• [PROBLEM TO WORK ON]
Once you find the line below that has "teeth whitening 48070", output it and every line after it exactly, stopping after the line that has "GFOUK® Rastlinski Mikronidling", with no pictures.

• [AVAILABLE RECORDS]
────

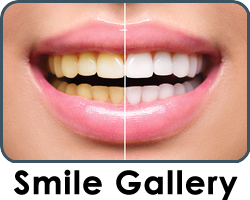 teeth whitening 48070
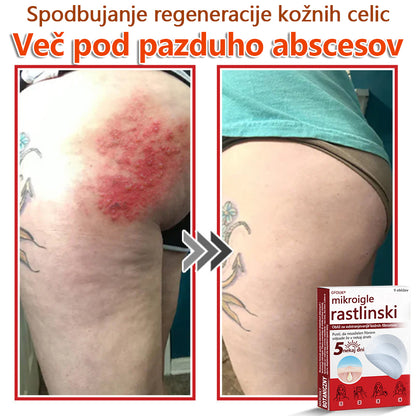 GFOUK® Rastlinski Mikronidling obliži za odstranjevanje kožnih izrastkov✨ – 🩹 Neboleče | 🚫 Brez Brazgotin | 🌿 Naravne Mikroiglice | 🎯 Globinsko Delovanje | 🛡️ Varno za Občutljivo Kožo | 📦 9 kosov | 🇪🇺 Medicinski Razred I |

────

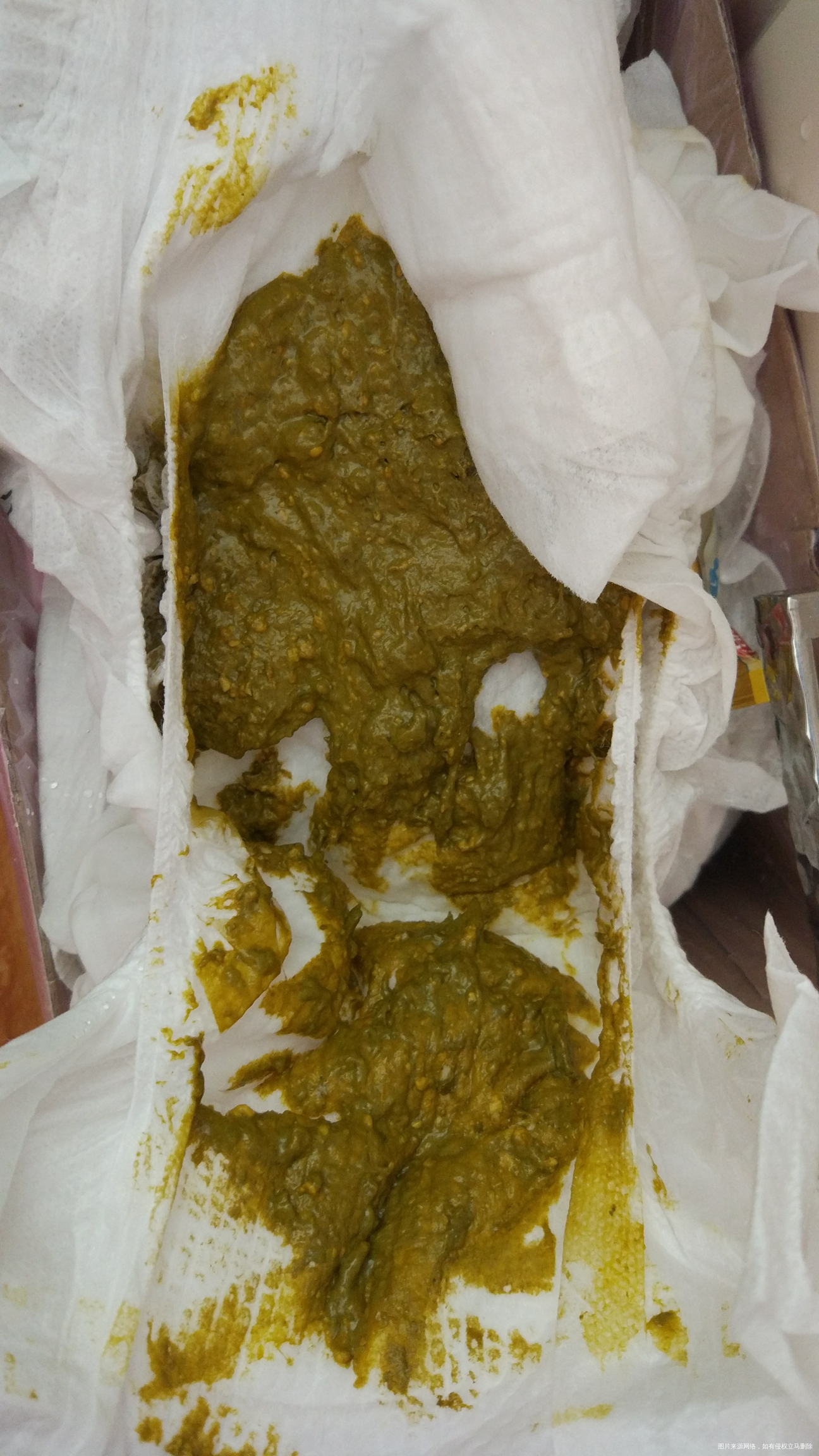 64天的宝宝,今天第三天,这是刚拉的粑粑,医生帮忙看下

────

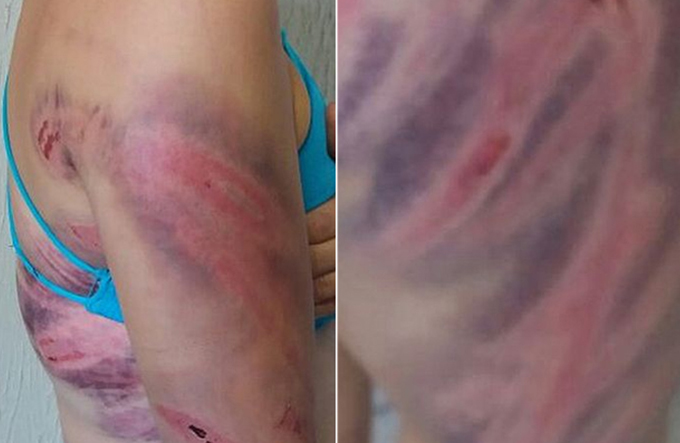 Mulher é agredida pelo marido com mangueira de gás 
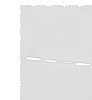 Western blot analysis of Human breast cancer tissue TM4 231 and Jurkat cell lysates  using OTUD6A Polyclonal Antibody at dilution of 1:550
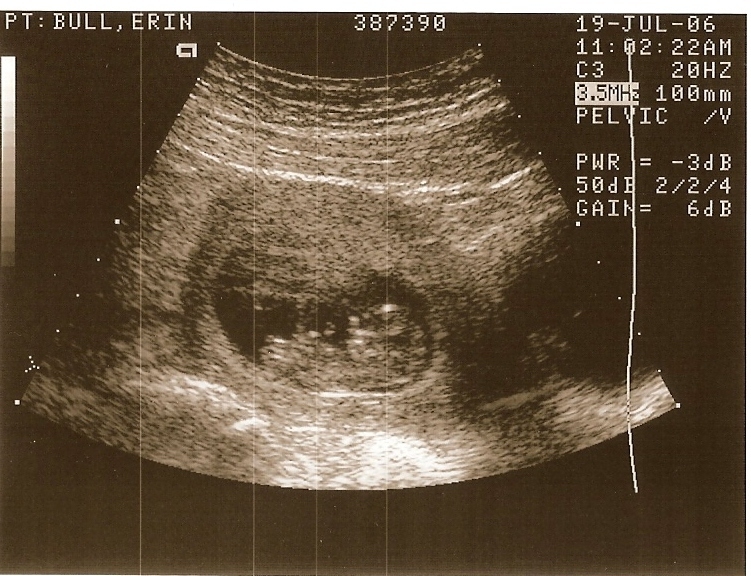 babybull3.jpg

────

• [FINISHED EXERCISE]
 teeth whitening 48070
 GFOUK® Rastlinski Mikronidling obliži za odstranjevanje kožnih izrastkov✨ – 🩹 Neboleče | 🚫 Brez Brazgotin | 🌿 Naravne Mikroiglice | 🎯 Globinsko Delovanje | 🛡️ Varno za Občutljivo Kožo | 📦 9 kosov | 🇪🇺 Medicinski Razred I |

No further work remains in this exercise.